Feminism

Feminism, or feminist criticism, is an umbrella term that describes a whole range of approaches to literature and culture. All are concerned somehow with women, but beyond that they may not have much in common.

The earliest, and perhaps simplest, kinds of feminist criticism were concerned with recovering ignored works by women. In “A Room of One’s Own” (1929), for instance, Virginia Woolf famously writes about the problems that would have been faced by Shakespeare’s (imaginary) sister, and Woolf’s works include many readings of women authors who had not been taken seriously. This kind of feminist criticism continues today, turning up many once-important figures who’ve been excluded from the canon. There’s also been plenty of continued squabbling over whether these “rediscovered” writers belong in the canon.

Other comparatively simple kinds of feminist criticism include biographical and historical studies of women writers, women readers, or women’s issues in literature, and examinations of the way women are depicted in literature. Some of this can of course be quite sophisticated in its use of close reading and its exploration of history; this is, if I can make a very rough generalization, the dominant mode of American and British feminist criticism.

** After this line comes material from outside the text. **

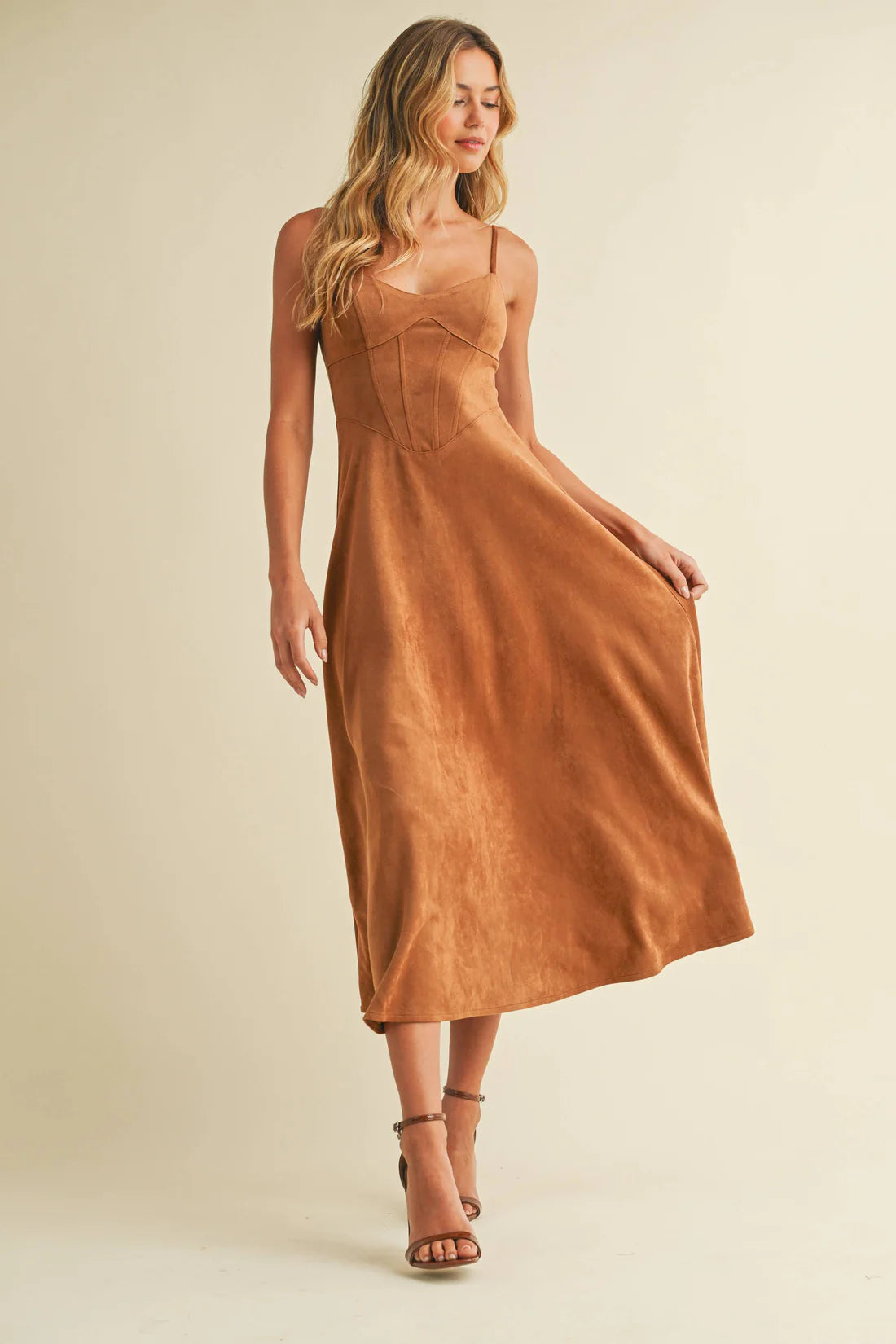 Klesis Suede Bustier Corset Flare Camel Midi Dress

To continue the rough generalization, French feminist critics tend to be more indebted to various kinds of theory, and I can do no more than hint at the many varieties. Some feminist critics have drawn on psychoanalytical theory, especially that of Jacques Lacan. They look at the way children acquire a language structured around binary oppositions that give the privileged place to masculinity, and associate it with power, reason, activity, and so on; femininity is passive, irrational, and so on. Language itself, in their view, is “phallocentric.”

Others, again especially in France, have suggested that there’s room for a use of language that escapes phallocentricity: that there’s an écriture féminine, “feminine writing,” a kind of approach to language that does not impose on the world the rigid hierarchies associated with masculine writing. It is a kind of use of language that escapes the patriarchalism of the dominant discourse. For some feminist critics like Hélène Cixous and Luce Irigaray, écriture féminine is grounded in the female body and feminine sexuality; the term jouissance covers both female sexual pleasure and textual play. Note, though, that écriture féminine isn’t strictly limited to women writers: men, too, can engage in “feminine writing.”

Note, once again, that the division into French and Anglo-American “schools,” while conventional, is only a rough guide. Plenty of Anglo-American feminists have drawn from French critics, and vice versa. And I should once again insist that this is a sadly superficial summary of a huge field.


Note: This guide is still in the early stages of development.
Three question marks mean I have to write more on the subject. Bear with me.